The procedure was intended to treat leukemia, but doctors were looking for a donor with a natural HIV resistance, the researchers said on Wednesday. This method had already worked with Timothy Ray Brown in 2007, a case that became known as the “Berlin Patient”.
Now, the 66-year-old patient is the fourth successful case of this method and the oldest HIV patient to be cured.
In addition to being the oldest, he was also the patient with the longest diagnosis, which he called a “death sentence”, which resulted in the death of many of his friends. He has been living with HIV since 1988 and has been on antiretroviral therapy for over 30 years.

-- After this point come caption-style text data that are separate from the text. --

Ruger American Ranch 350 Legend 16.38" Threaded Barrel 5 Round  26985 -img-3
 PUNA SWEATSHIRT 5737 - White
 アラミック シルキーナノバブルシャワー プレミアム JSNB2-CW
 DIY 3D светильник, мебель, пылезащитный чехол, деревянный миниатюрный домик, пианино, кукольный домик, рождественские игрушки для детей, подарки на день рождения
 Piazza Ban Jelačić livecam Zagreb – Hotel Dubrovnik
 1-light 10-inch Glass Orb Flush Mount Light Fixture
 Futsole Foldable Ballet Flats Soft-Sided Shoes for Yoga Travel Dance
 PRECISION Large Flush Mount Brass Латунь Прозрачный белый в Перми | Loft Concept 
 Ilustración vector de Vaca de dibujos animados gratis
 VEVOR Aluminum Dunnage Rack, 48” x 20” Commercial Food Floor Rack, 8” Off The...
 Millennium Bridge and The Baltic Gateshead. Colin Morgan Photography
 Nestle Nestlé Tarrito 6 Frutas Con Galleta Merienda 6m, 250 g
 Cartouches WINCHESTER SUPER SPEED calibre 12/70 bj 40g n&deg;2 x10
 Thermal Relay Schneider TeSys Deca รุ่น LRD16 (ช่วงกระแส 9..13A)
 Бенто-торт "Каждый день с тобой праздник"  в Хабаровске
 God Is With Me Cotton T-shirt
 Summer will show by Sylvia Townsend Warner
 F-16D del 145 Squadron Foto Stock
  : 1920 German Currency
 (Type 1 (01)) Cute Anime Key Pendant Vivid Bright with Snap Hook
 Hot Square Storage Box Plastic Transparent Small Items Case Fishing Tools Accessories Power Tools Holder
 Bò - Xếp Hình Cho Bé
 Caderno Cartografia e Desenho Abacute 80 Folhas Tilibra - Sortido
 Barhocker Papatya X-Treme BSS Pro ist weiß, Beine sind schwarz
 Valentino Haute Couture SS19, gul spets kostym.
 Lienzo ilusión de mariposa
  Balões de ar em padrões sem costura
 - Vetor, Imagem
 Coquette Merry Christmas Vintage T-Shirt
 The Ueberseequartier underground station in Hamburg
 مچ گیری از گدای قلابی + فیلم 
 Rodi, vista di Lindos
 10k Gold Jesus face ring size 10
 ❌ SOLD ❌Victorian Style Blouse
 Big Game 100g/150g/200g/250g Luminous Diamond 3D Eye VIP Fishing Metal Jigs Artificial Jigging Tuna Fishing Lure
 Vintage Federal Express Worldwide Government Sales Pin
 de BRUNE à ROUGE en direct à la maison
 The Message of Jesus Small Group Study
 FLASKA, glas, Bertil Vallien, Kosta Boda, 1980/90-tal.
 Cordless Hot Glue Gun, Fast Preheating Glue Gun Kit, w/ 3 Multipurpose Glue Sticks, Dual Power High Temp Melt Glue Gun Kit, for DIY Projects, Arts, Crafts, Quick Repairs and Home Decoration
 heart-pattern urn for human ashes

The researchers believe the method worked because the donor stem cells used to treat leukemia have a specific and rare genetic mutation, meaning they lack the receptors used by HIV to infect cells.
After a transplant three and a half years ago that followed chemotherapy, the 66-year-old patient stopped taking antiretroviral treatment in March 2021. He has been in remission for both HIV and leukemia for over a year.
Antiretroviral treatment works for the first time in 15 years
Just this Wednesday, Spanish investigators presented another successful case: a 59-year-old woman who is part of a rare group of so-called “aftercare monitors”. This group, diagnosed with HIV, can maintain an undetectable viral load after stopping antiretroviral treatment and live with the disease for several years.
A patient from Barcelona achieved something unprecedented: antiretroviral treatment worked for 15 years. It would be normal for the virus to remain at a controlled level for days or months, but in the case of this patient, the human immunodeficiency virus remained undetectable, the researchers said.
Although antiretroviral treatment effectively suppresses viral replication, HIV persists in the body’s reservoirs, and if therapy is stopped, the viral load rises again.
Through the test, the researchers found that this patient exhibited strong HIV inhibition caused by two types of lymphocytes: “natural killer cells,” which are part of the innate immune system and form the first line of defense. against various pathogens and CD8+ T-lymphocytes, which play a key role in protecting cells from viruses and bacteria.
“This patient has very high levels of both cells, which can either block the virus or kill infected cells, thus achieving a functional cure,” one of the researchers said.
During the presentation of the case, the team stated that “at this point it is more realistic to try to achieve a functional cure”, i.e. with antiretroviral treatment, than an effective cure with bone marrow transplantation.